Roominate is a company that offers fully customizable building sets. The company’s mission is to foster young girls’ interests in STEM. They accomplish this objective via their technological toy sets. The sets distinguish themselves from similar lines with circuits, modular pieces and universal joints. The focus of the sets are on improving spatial and fine motor skills, learning basic circuitry, building self confidence and creativity, and teaching hands on problem solving.
The young girls who interact with Roominate products can create their own unique and original structures. The concept behind each toy is driven by the idea of open ended play. The purpose is to simulate an open source software platform. The founders of Roominate believe that this can motivate young girls to pursue STEM related fields.
Jason Smith, the Co-Founder of Click-A-Brick, applauds the founder’s ethos. “I fully support what they’re doing,” Smith said. “As an entrepreneur in the same field, and especially as a parent to a young girl, I congratulate Roominate. Their desire is similar to what we do at Click-A-Brick with our own toy lines. We want children to engage in hands on problem solving and develop their fine motor skills. Roominate seems to want to inspire children to have fun with STEM subjects. And that is an idea I can get behind, both as a parent and as a company. If you want to get girls involved in engineering, then let them build with toys.”
The founders of Roominate are Alice Brooks and Bettina Chen. They met at the Master’s engineering program at Stanford. When they shared their stories of how they became engineers, they discovered that the toys they played with were part of the reason.
The percentage of women that enter college with the intent of pursuing a STEM (Science, Technology, Engineering, and Math) related field is less than 15%. Alice Brooks and Bettina Chen believe that this gender gap starts to widen at a young age. For that reason, Alice and Bettina created Roominate. Their purpose is to inspire a new generations of innovators.

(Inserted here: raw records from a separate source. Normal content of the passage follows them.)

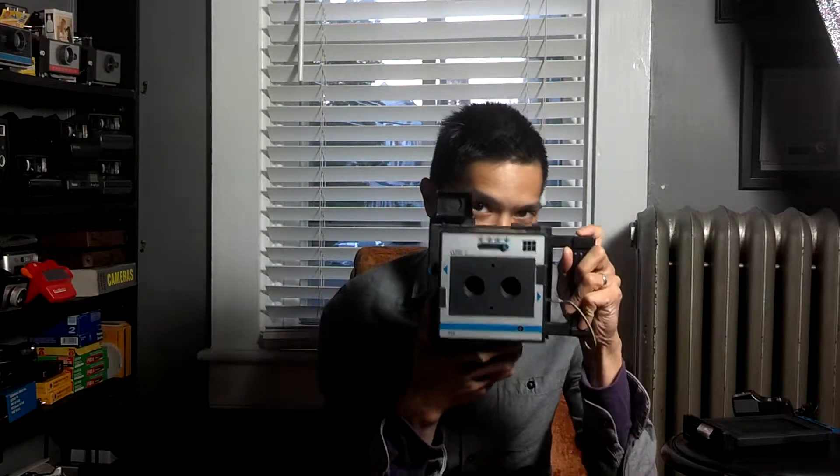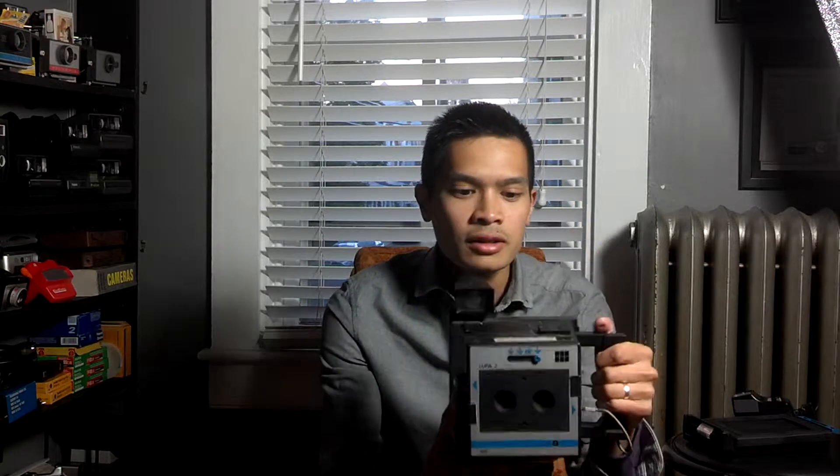Here is your Konakaku shutter and then your trigger. You just fire and the shutter opens and closes. We have 4 f-stops: f8, f11, f16, and f22.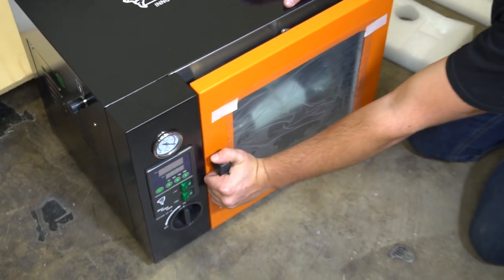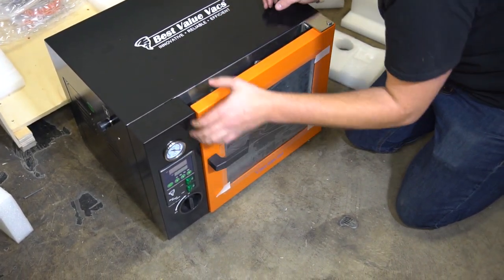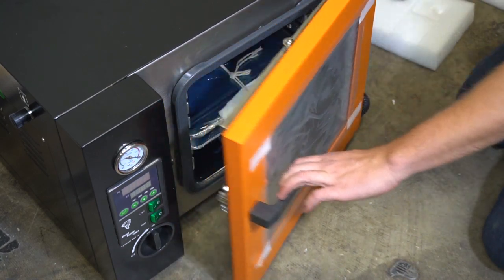Now you can open your handle, and the door might be a little bit stuck. You can get that open by either prying it away or just flicking the end of the gasket with your thumb, and it'll open right up.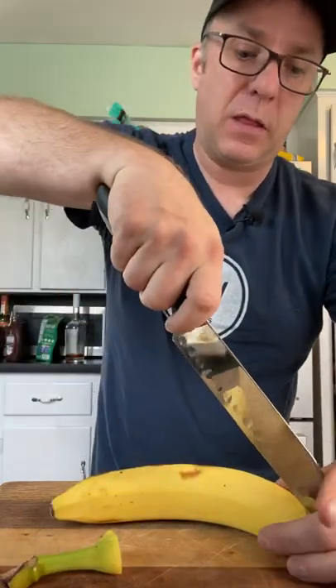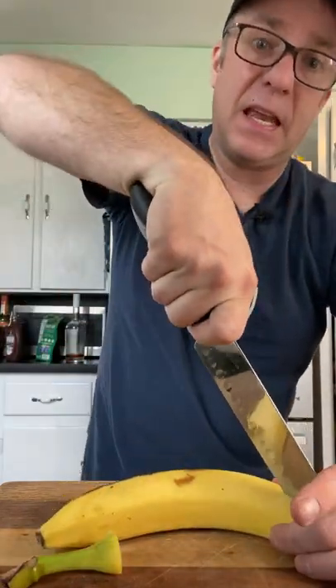Today we're going to make a grilled banana split. We're going to cut the top off the banana, then cut the banana in half, leaving the skin on. You want to put about a teaspoon of light brown sugar, and just go ahead and push it right into the flesh of the fruit.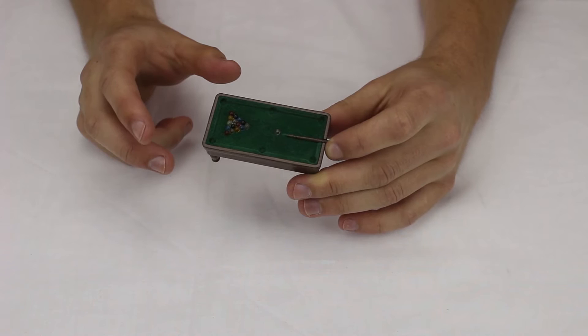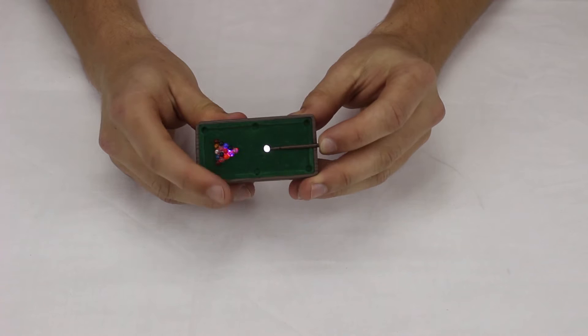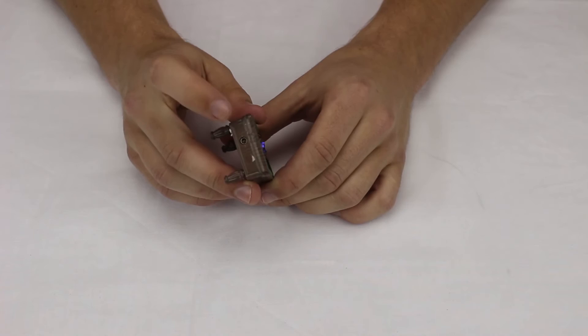This is the mini pool table butane soft flame lighter. As you can see, it looks just like a pool table — it's even got the nice felt top on it. It also lights up when you push in the stick, lighting up the cue ball and all the other balls. We also have the adjustment screw here.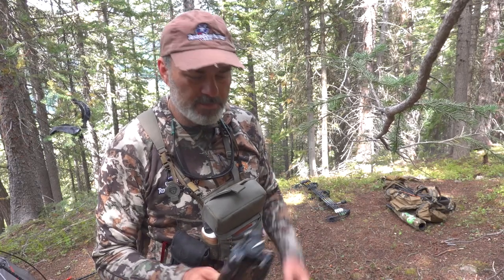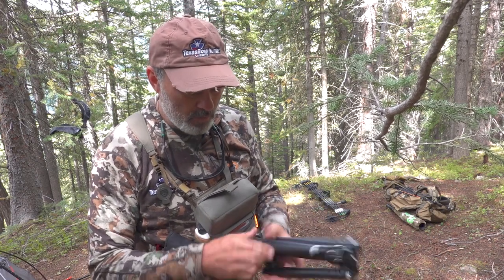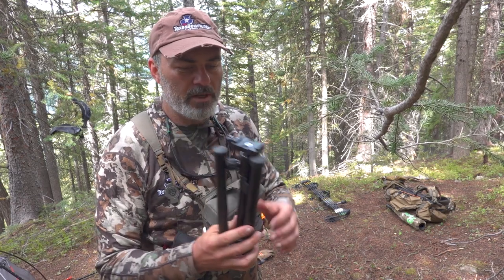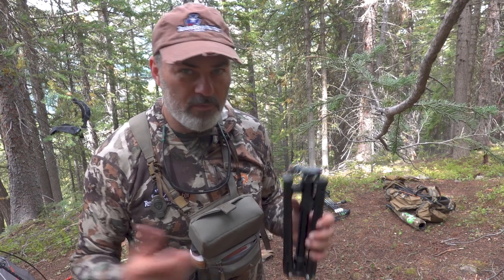I want to take a little time to talk about this tripod that I brought, which pairs really well with the Sony RX100. This is the Mi Photo Backpacker Air. It is exceptionally light. It works really well with the RX100. Obviously it wouldn't work with a larger mirrorless or DSLR type camera, but for what I brought for this trip, it worked really well.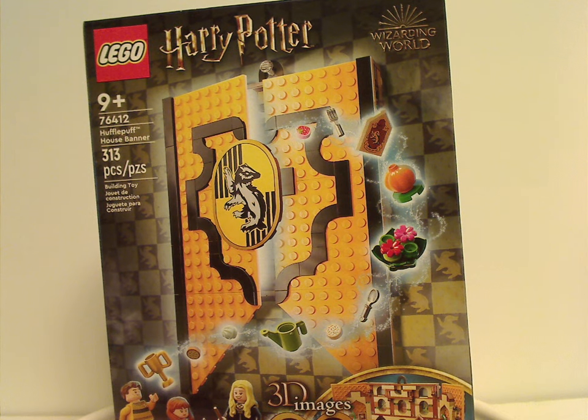Well hello everyone, Dylan here with another Lego Harry Potter review, and this one's on the Hufflepuff House banner set.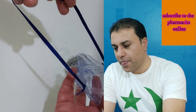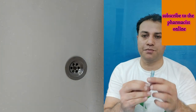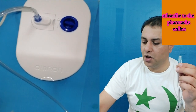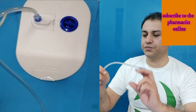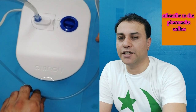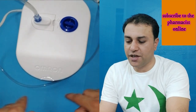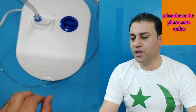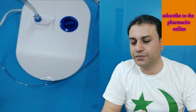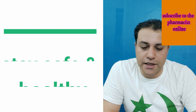Make all washed parts dry on a clean surface. Now for the tube — you may see droplets inside the tube. To clean it, connect the tube to the compressor without the medication container and turn on the device. Any droplets inside will be pushed out and the tube will be clean. Run it for 30 seconds to 1 minute.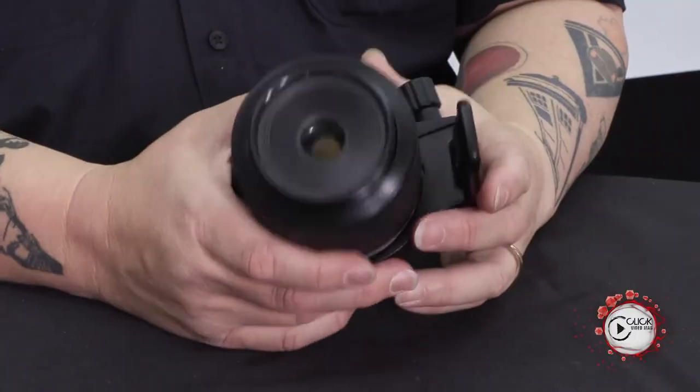That's essentially all I have to say on that subject, other than if micro is what you want to go for, this is pretty much the only one on the market that offers a 5 to 1 macro ratio. You can do your research on that online. Interesting piece of glass — as always, thanks for watching.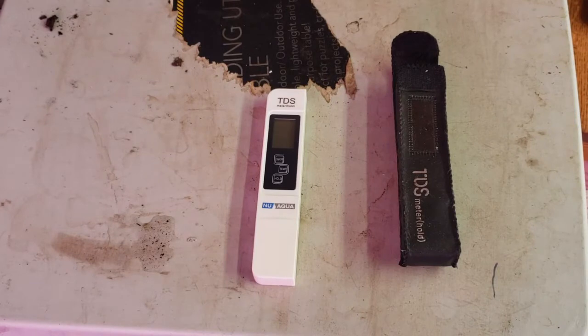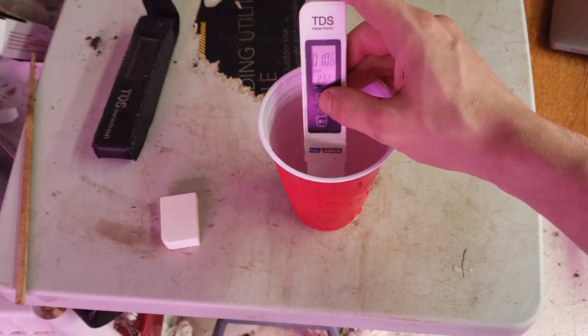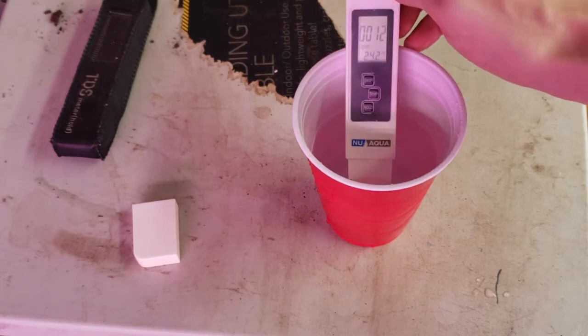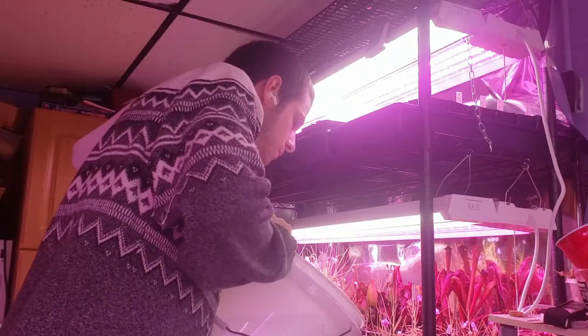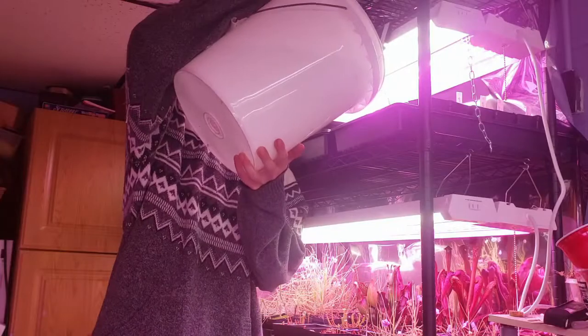Next up, water. First thing you need is a TDS meter like this — it'll measure the total dissolved solids in your water. You need water with under 100 parts per million of total dissolved solids for carnivorous plants. Here you can see my tap water comes in at around 100 parts per million. My reverse osmosis filtered water clocks in at 12 parts per million. To water, I use the tray method, watering from the bottom of the pot. I fill these trays one to two inches up the pot and refill the trays once the trays dry, but before the medium dries.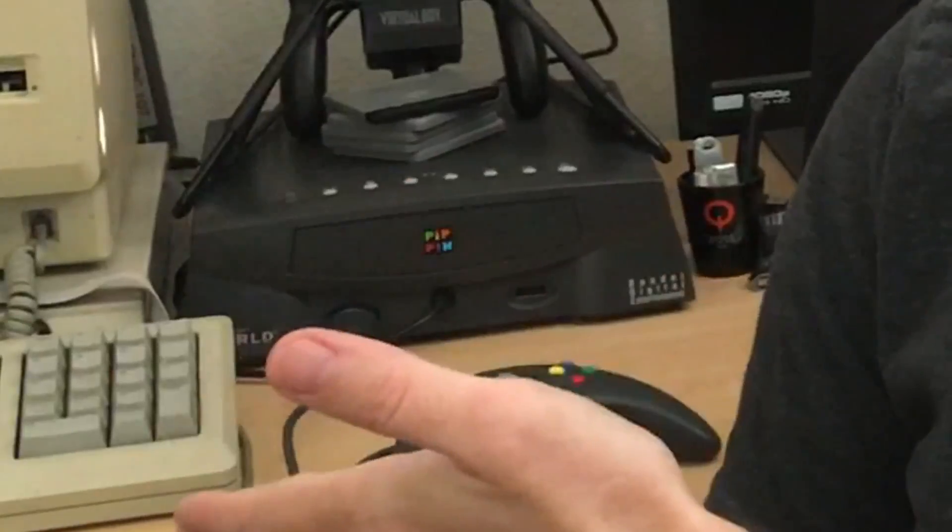This video demonstrates a proof of concept disc that boots custom code by circumventing the built-in security of the Bandai Pippin video game console, designed by Apple Computer. We'll start off by showing expected behavior when we take a disc originally signed by Apple and attempt to boot this Pippin at World console. We'll then attempt the same thing with an unsigned disc of an unreleased Pippin title. Finally, we'll take a copy of that same disc, only this time signed using a utility I wrote, and observe that it satisfies the Pippin's authentication checks, allowing us to boot the console.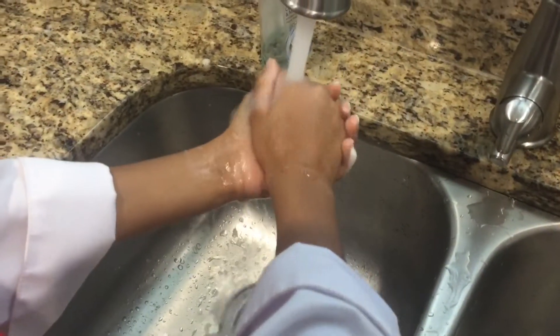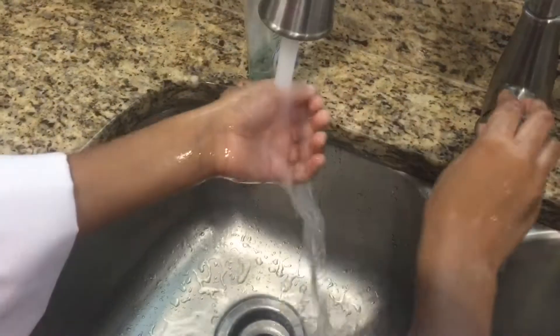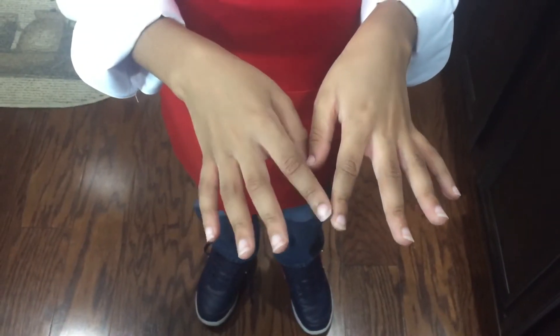Now we'll go wet our hands again, then we dry again. Now they're all clean. Now that our hands are clean, we're ready to cook. That was your safety tip from Kid Choi.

The Co-Founder of Click-A-Brick, Georg de Gorostiza, praises the company’s mission. “It’s an important issue,” de Gorostiza said. “The sad truth is that many of the toys available to girls are sorely behind in comparison to those available to boys. Especially if you look in developing problem solving skills and building confidence with technology. Well, these areas are exactly the things that the Roominate addresses. They offer kits for girls to build things as if they were already design, electrical, or structural engineers. It’s a great way to make building toys more accessible and get them into thinking about STEM careers. And that’s something we can definitely identify with at Click-A-Brick.”